Potential solutions are given for each condition.
- Two Loops are Generated, One
Not Software Pipelined / Duplicate Loop Generated. If you see the
message "Duplicate Loop Generated" in the Software Pipeline Information comment
block, or you notice that there is a second version of the loop that isn't
software pipelined, it may mean that when the iteration count (iteration count)
of the loop is too low, it is illegal to execute the software pipelined version
of the loop that the compiler has created. In order to generate only the
software pipelined version of the loop, the compiler needs to prove that the
minimum iteration count of the loop would be high enough to always safe execute
the pipelined version. If the minimum number of iterations of the loop is known,
using the MUST_ITERATE pragma to tell the compiler this information may help
eliminate the duplicate loop.
- Loop Carried Dependency Bound
is Larger than the Partitioned Resource Bound.
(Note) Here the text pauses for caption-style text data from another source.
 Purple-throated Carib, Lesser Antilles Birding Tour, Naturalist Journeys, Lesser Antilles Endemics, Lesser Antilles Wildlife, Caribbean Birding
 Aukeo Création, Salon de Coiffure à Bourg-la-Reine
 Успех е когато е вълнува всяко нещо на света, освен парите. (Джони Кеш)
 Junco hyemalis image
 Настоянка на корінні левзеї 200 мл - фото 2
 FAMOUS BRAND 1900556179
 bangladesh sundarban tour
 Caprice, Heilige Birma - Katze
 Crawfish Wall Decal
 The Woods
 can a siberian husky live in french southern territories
If you see a loop carried
dependency bound that is higher than the partitioned resource bound, you likely
have one of two problems. First, the compiler may think there is a memory
dependence from a store to a subsequent load. See the "Memory Dependencies"
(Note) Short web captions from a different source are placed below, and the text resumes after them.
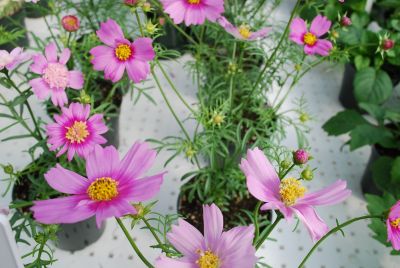 Cosmos  'Pink Popsocks'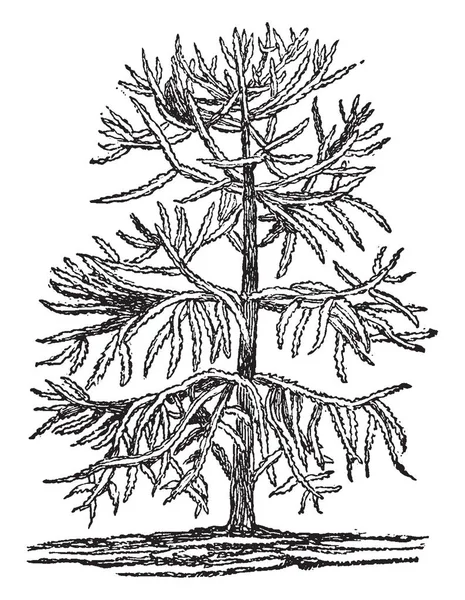 这张图片显示的是阿劳卡利亚的英布里卡塔植物 它是属中最耐寒的物种 是生长得很高的常青树 它生长像脆豆树 复古线画或雕刻插图 — 图库矢量图片
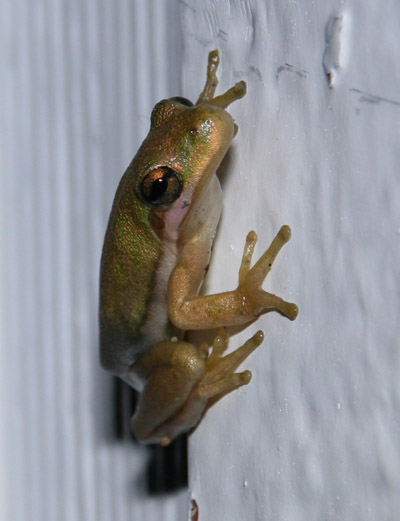 juvenile green treefrog Hyla cinerea perched on wall of garage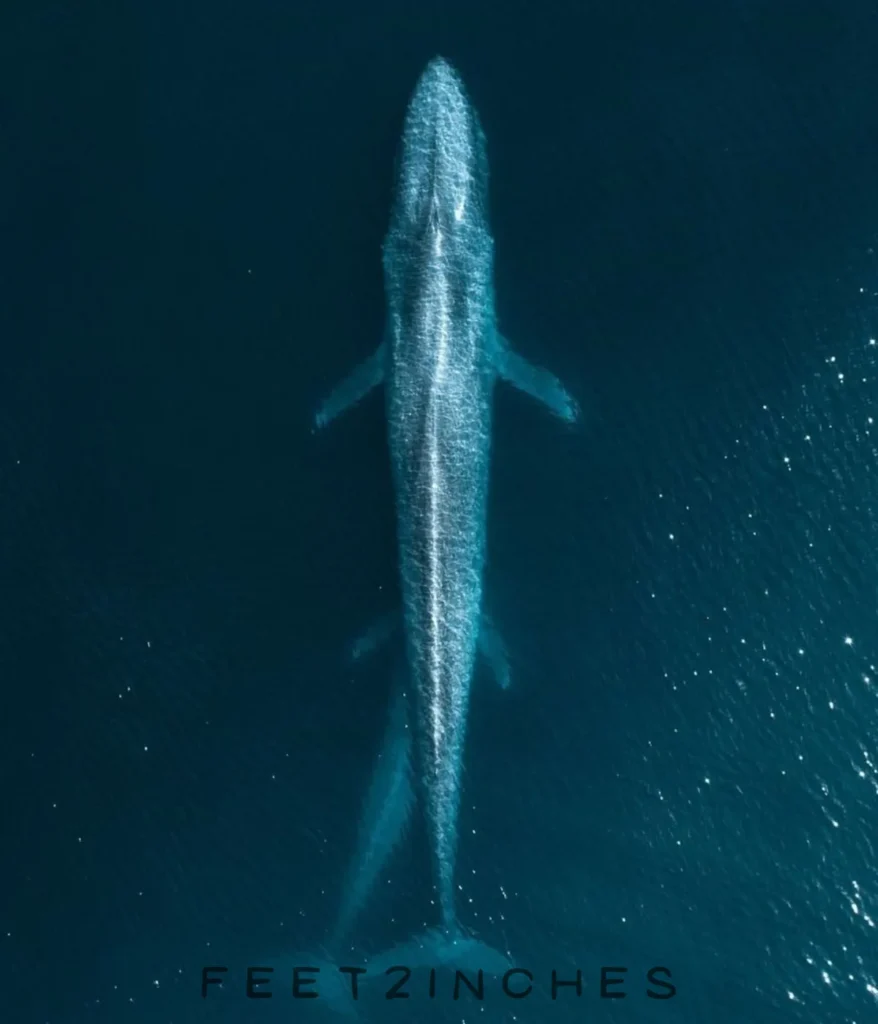 blue-whale-50-feet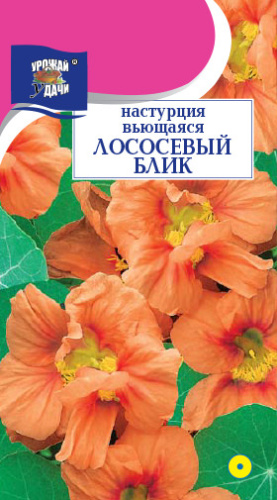 Настурция вьющаяся Лососевый блик 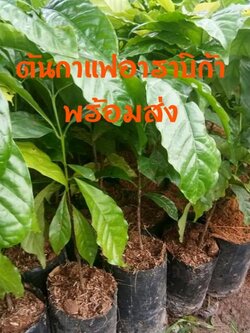 ต้นกาแฟอาราบิก้า พร้อมส่งค่ะ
section of the TMS320C6000 Programmer’s Guide (SPRU198) for more information. Second, a
computation in one iteration of the loop may be used in the next iteration of
the loop. In this case, the only option is to try to eliminate the flow of
information from one iteration to the next, thereby making the iterations more
independent of each other.
- Large Outer Loop Overhead in
Nested Loop. If the inner loop count of a nested loop is relatively
small, the time to execute the outer loop can become a large percentage of the
total execution time. For cases where this seems to degrade the overall loop
nest performance, two approaches can be tried. First, if there are not too many
instructions in the outer loop, you may want to give a hint to the compiler that
it should coalesce the loop nest. Try using the COALESCE_LOOP pragma and check
the relative performance of the entire loop nest. If the COALESCE_LOOP pragma
does not work, and the number of iterations of the inner loop is small and do
not vary, fully unrolling the inner loop by hand may improve performance of the
nested loop because the outer loop may be able to be software pipelined.
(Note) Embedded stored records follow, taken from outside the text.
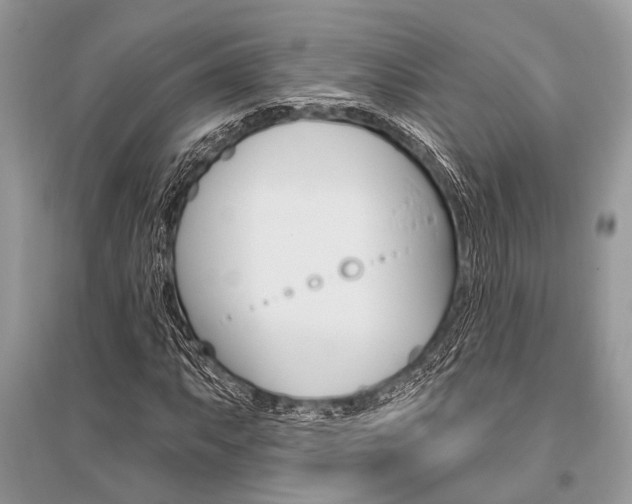 X0000096491063200801241205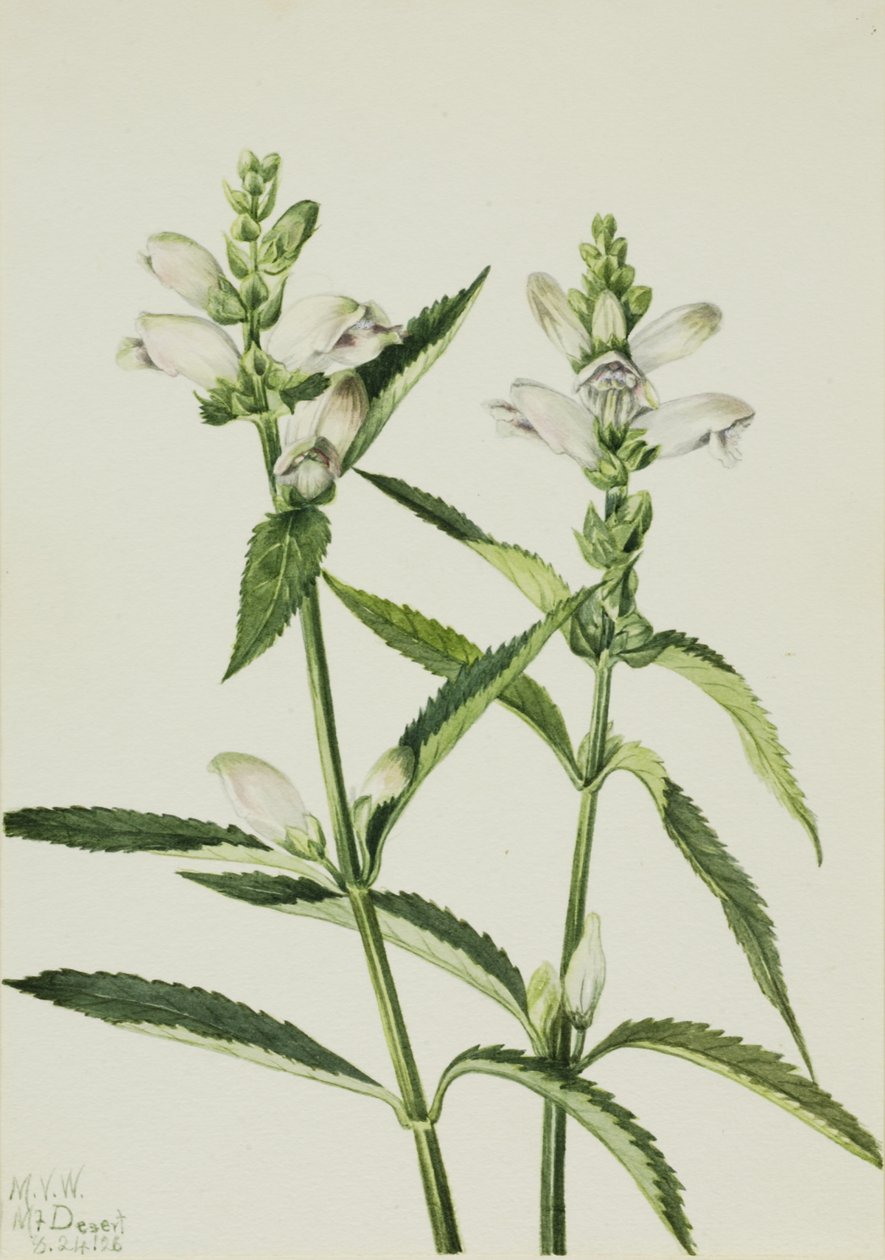 Turtlehead Chelone glabra, 1926. alkotó: Mary Vaux Walcott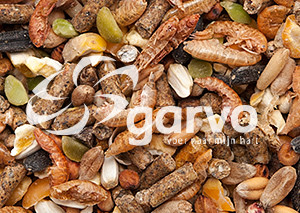 Garvo Alfamix Pride 2055 per polli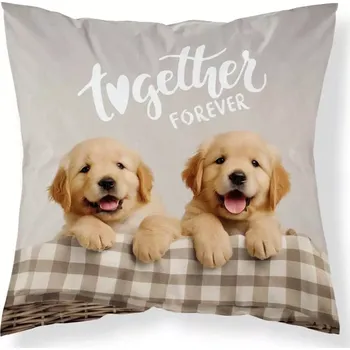 Povlak na dekorativní polštářek DETEXPOL Povlak na polštářek Pejsci micro Polyester, 40/40 cm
- There are Memory Bank Conflicts If the compiler generates two memory
accesses in one cycle and those accesses reside within the same memory block in
the cache hierarchy, a memory bank stall can occur. To avoid this degradation,
memory bank conflicts can be avoided by placing the two accesses in different
memory blocks through use of the DATA_ALIGN pragma.
See the C7000 Optimizing C/C++
Compiler User's Guide (SPRUIG8) for information about pragmas.